The benefits aren’t limited to those patients facing cancer. Researchers at HeartFlow, a digital health company focused on transforming how heart disease is detected and treated, have been able to use deep learning to construct 3D models of individual patients’ coronary arteries, reducing the need for invasive angiograms by 61 percent and cutting expenses by 26 percent.

Additionally, the technology could play a role in the development of new pharmaceutical treatments. Prescription drugs often take more than a decade and billions of dollars to develop.

Using the deep learning technique known as natural language processing, researchers can automate the process of surveying research literature to detect patterns pointing toward potential targets for drug development.

Ways to Incorporate AI and ML in Healthcare

Rao sees massive potential in vast pools of data that patients have entrusted their doctors to leverage for better care.
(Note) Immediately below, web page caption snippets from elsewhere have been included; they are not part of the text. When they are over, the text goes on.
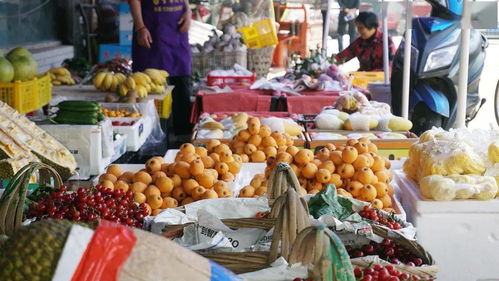 乐游嘉州 古今岁月里的静美乡村 新鲜蔬菜批发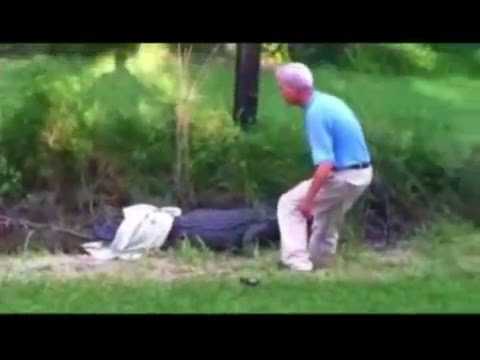 Old Man Tries to Catch an Alligator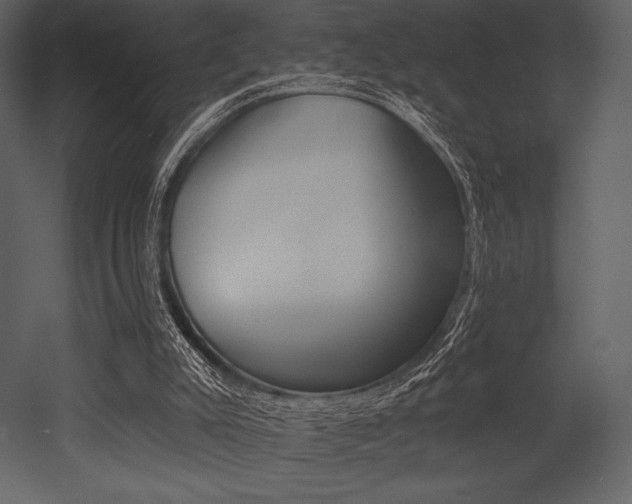 X0000053000007200507081245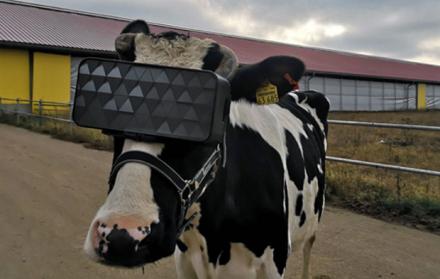 El experimento fue realizado por desarrolladores rusos en donde utilizan unos cascos que medirían la productividad de las vacas lecheras.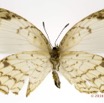 038 Lepidoptera 130d (FV) Lycaenidae Lipteninae Liptena undularis m 16E5K3IMG_119344wtmk.jpg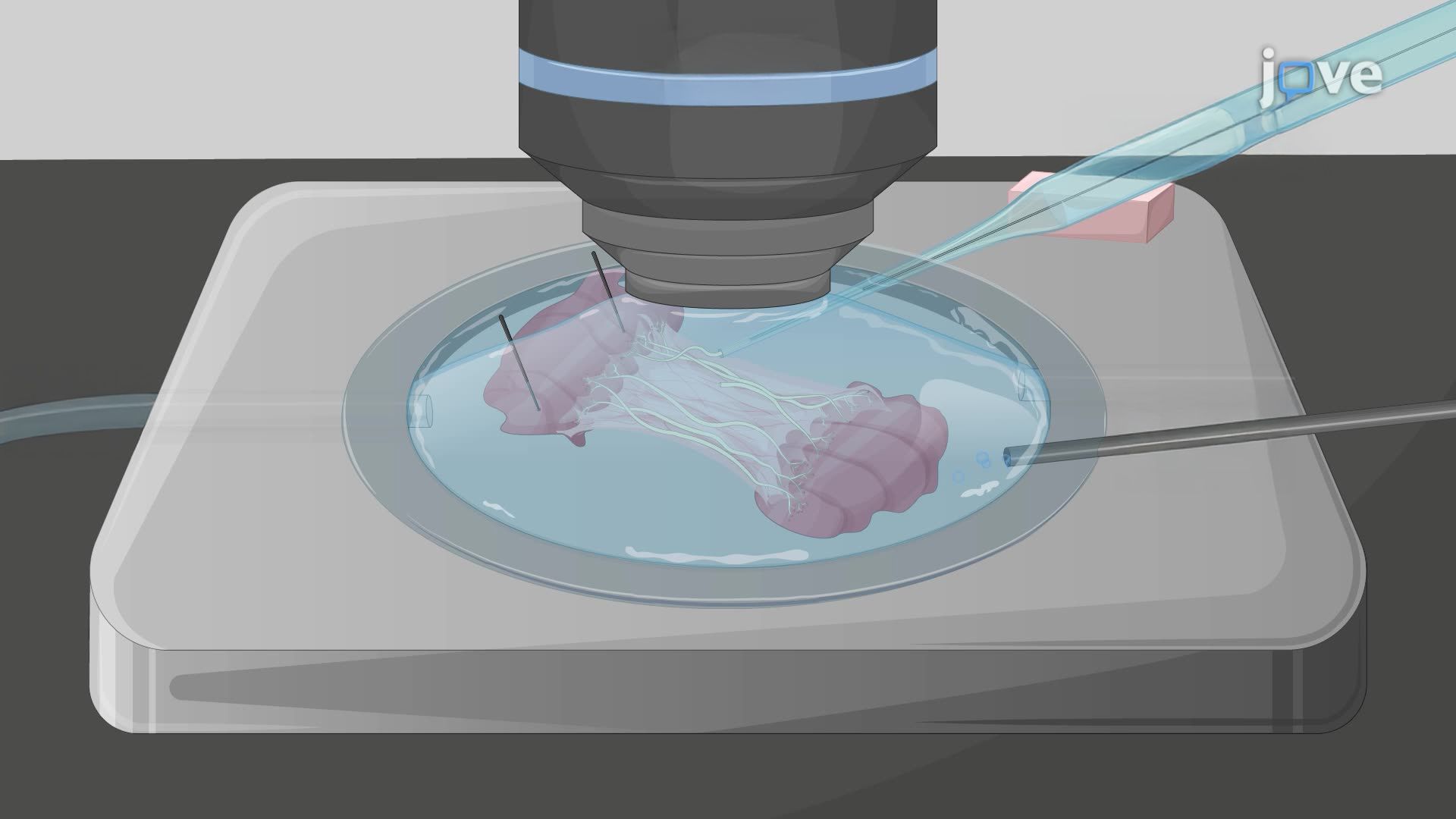 Imagem de transientes rápidos de cálcio em terminações nervosas de camundongos usando microscopia...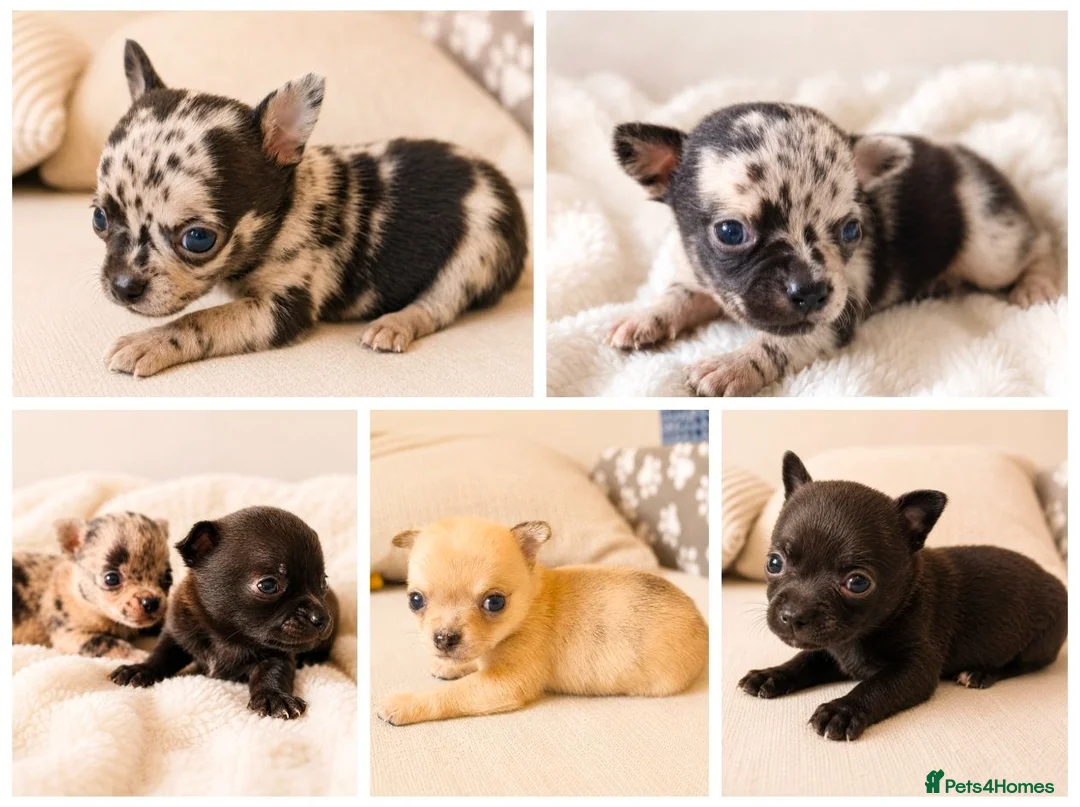 Chihuahua dogs for sale: Chihuahuas *Stunning Litter* Rare and Tiny - Advert 1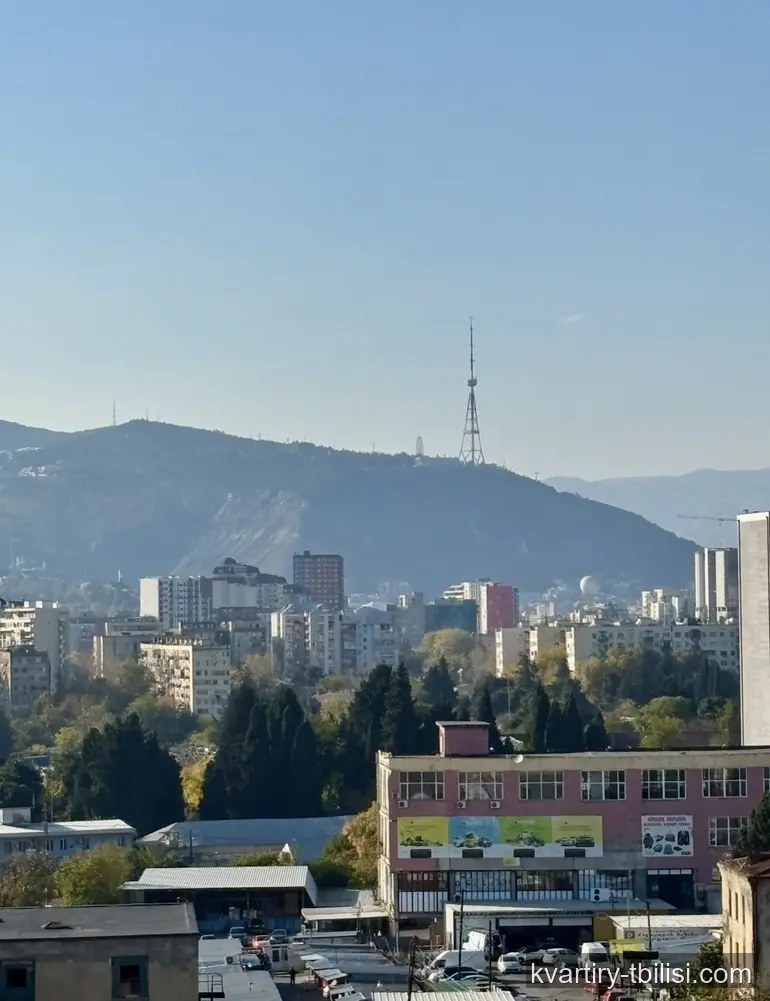 Двухкомнатная квартира на Московском проспекте — 550 USD/мес | Tbilisi Homes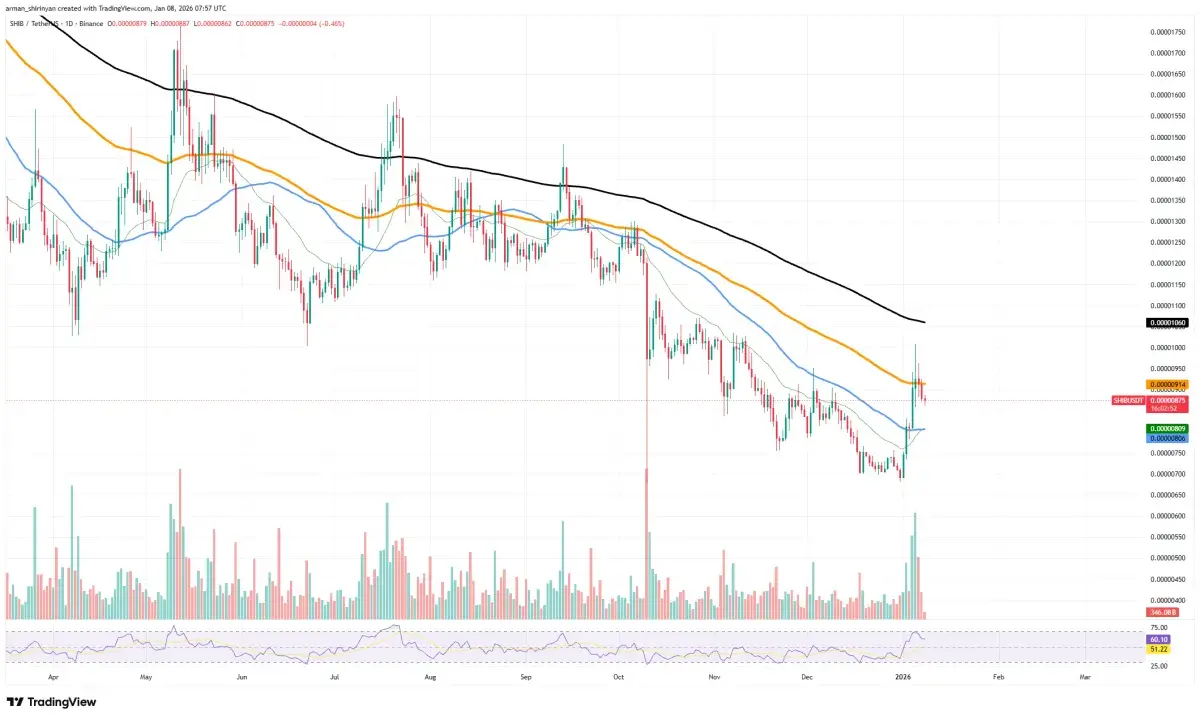 Shiba Inu (SHIB) Already Back in 2025 - U.Today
He finds value in segmenting data sets to adapt treatments along a number of axes, including hereditary genetics, location, dietary habits, age groups and gender.

“There is a need to personalize and localize the use case applications,” he says. “The application of the technology will be decentralized and scaled across regions and populations.”

Still, there is room for caution.

“AI, as a technology, is an extremely powerful and autonomous assist,” says Rao, noting that privacy and ethical issues must remain at the forefront. “As with all things powerful and autonomous, it comes with the potential to be applied judiciously — for the greater good — or maliciously, in use cases that can cause harm.”

How can healthcare providers and researchers effectively integrate AI and deep learning into care delivery? The first step for providers, Rao says, is to identify the types of data they have or can collect: images, videos, audio and text are all options.

The second step is to consider the applicable techniques that involve AI and DL: detection, classification, segmentation, prediction or recommendation.

Four broad categories of use cases exist in medicine, Rao notes: imaging and diagnostics; patient care; back-end functions, such as pricing and risk management; and drug research and development — which is why relevant data, appropriate techniques and use case scenarios must align to fuel transformative discoveries.

“That is the journey that providers have to go through,” says Rao. “Only then comes the decision to procure vendors to deliver the full-stack solution that helps them through the lifecycle of implementation.”